Terminal 2 (styled as T2) was opened on 30 November 1991, known as the Pablo Ruiz Picasso terminal. The building was designed by architect Ricardo Bofill, and was built to be operated in combination with the pre-existing passenger terminal. It has three floors and a basement, the second floor is for departures and the ground floor is for arrivals. The first floor is used for the lower level for Pier B, and for alleyways leading to arrivals. The basement is for the rental-car pickup desks. To complete the terminal, a building was built for car parking and rental cars, which were built right next to the entrance of the departures and arrivals lounges.

Development work was completed on the terminal in 2008. The original structure leading to Pier C in departures was demolished and replaced with a temporary structure to allow building work for Terminal 3 to be completed in its place. The temporary structure was closed and removed once Terminal 3 opened and Pier C is now accessed from Terminal 3.

Work in the terminal had to be done before the new terminal opened. Because terminal 1 was due to close, all of the gate numbers had to be changed. The only gate that kept its original gate number was B16. The last flight to use the original gate numbers, was an Aer Lingus flight to London Gatwick. When Terminal 3 opened, the old arrivals waiting area was converted to a passengers' transfer between terminals in the arrivals hall where three extra baggage carousels have since been added.

Terminal 2 has been refurbished since Terminal 3 has opened costing around €2.5 million. The arrivals floor of Terminal 2 was refurbished in early 2011, and all the ceilings were painted between late 2013 and mid 2014. There is also currently work on the old shopping area, currently closed off. In September 2017 it was announced that Terminal 2 was to undergo a further refurbishment costing €8.4 million. This includes the improvements of the toilet facilities, new flooring and the repainting of the exterior of the building. Pier C closed for refurbishment on 12 November 2018 and reopened on 18 March 2019 while Pier B was due to be refurbished in the winter of 2019.

Terminal 3

Terminal 3 (styled as T3) is a new terminal at Málaga Airport. Plans for construction started in 2001 and construction started in 2004. The works were carried out by Ferrovial. It was opened on 15 March 2010 by King Juan Carlos.

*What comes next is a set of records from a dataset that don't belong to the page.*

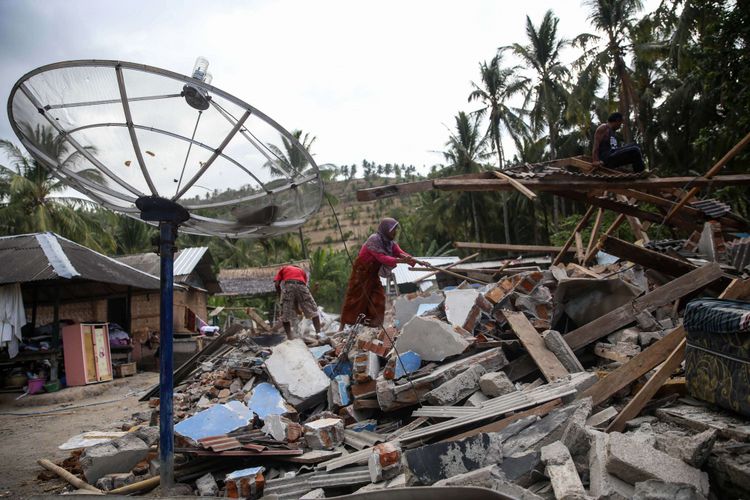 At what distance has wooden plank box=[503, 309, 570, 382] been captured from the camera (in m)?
4.25

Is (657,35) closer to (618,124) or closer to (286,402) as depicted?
(618,124)

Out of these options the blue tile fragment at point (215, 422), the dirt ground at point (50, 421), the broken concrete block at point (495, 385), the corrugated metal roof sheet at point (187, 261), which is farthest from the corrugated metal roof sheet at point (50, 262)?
the broken concrete block at point (495, 385)

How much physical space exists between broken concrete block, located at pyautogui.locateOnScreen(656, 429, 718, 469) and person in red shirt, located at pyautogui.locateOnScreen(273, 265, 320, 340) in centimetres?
558

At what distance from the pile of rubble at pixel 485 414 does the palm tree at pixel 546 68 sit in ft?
70.7

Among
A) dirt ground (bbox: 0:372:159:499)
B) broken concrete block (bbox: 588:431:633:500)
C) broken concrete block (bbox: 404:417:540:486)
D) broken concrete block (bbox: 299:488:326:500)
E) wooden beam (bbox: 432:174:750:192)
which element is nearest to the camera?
broken concrete block (bbox: 588:431:633:500)

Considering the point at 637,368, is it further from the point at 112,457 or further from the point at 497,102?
the point at 497,102

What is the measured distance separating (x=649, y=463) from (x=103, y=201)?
4545 millimetres

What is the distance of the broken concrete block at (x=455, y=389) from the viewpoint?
418 centimetres

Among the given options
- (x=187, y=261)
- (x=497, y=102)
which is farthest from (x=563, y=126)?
(x=187, y=261)

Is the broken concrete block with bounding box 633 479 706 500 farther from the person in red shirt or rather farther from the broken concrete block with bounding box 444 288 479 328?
the person in red shirt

The new terminal building at Málaga Airport has been designed by architect Bruce S. Fairbanks. The terminal was built to increase tourism around the Costa Del Sol, and to expand the airport due to increasing number of passengers. It is adjacent to Terminal 2 and has an area of 250,000m², which is more than double the size of Terminal 2. It has 86 check-in counters, numbered 301 to 386, 20 new boarding gates, twelve which will have airbridges and 12 baggage reclaim carousels; nine European Union, two non-European Union and one special baggage reclaim carousel.

The terminal has more than doubled capacity to 30 million passengers or 9,000 an hour, is expected to double the number of flights and the 12,813,764 passengers handled during 2008, and this has increased further since the new runway was completed.

General aviation terminal
The general aviation terminal at Málaga Airport (also known as the private aviation terminal) is located next to the N-340 motorway, and close to runway 31. The terminal was formed from the old passenger terminal building, and has since been renewed and refurbished. It was opened on 29 January 1968 and is used for private jets.

Cargo terminal
The cargo terminal was opened in 1996, with 16 docking bays for road transport vehicles. It has an area of  and contains four cold-storage rooms, a vault for valuable merchandise, and an area for hazardous and radioactive materials. It is located in the north of the airport, named "Carga Aena" in Spanish.

Other
A car park has been built with seven floors and 2,500 parking spaces, with underground parking for 66 coaches. A long stay car park opened in mid-2010.

Airlines and destinations
The following airlines operate regular scheduled and charter services to and from Málaga:

Statistics
Passenger numbers at Málaga increased from 6 million in 1995 to 13.6 million passengers in 2007, dropping to 12.8 million in 2008. There was a further 9.3% reduction in 2009 with passenger numbers falling to around 11.6 million and the number of aircraft movements reducing by 13.6% to 103,536. However passenger numbers in 2010 increased to 12 million, and increased again in 2011 to 12.8 million and decreased slightly to 12.5 million in 2012. Passenger numbers increased to 12.9 million in 2013. Cargo operations are decreasing each year.

Statistics

Annual traffic

Busiest routes

Ground transport
Two roads accesses the airport – the MA-21 (Torremolinos–Málaga). The new access road from the MA20 is now open.

Transportation hub

Málaga Airport now has a transportation hub outside the new terminal 3 that can be accessed from the new terminal building from both the arrivals and departures levels. There is an arrivals floor and a departures floor. The bus station and the suburban train station can be reached from the arrivals level, and both car parks can be reached from the departures level down a long covered walkway.

Suburban railway line

The airport has an underground station for Cercanías Málaga commuter trains, connecting with Málaga, providing enhanced communications with the city center. The station opened on 10 September 2010 and is located at the arrivals area of Terminal 3. Trains run every 20 minutes between Málaga City and Fuengirola via Málaga Airport.
>

Bus station
There is a bus station located underground at the airport. It can be reached from the arrivals level of the transportation hub or from arrivals in terminal 3, which can be accessed from all terminals. There is also a bus stop outside the cargo terminal.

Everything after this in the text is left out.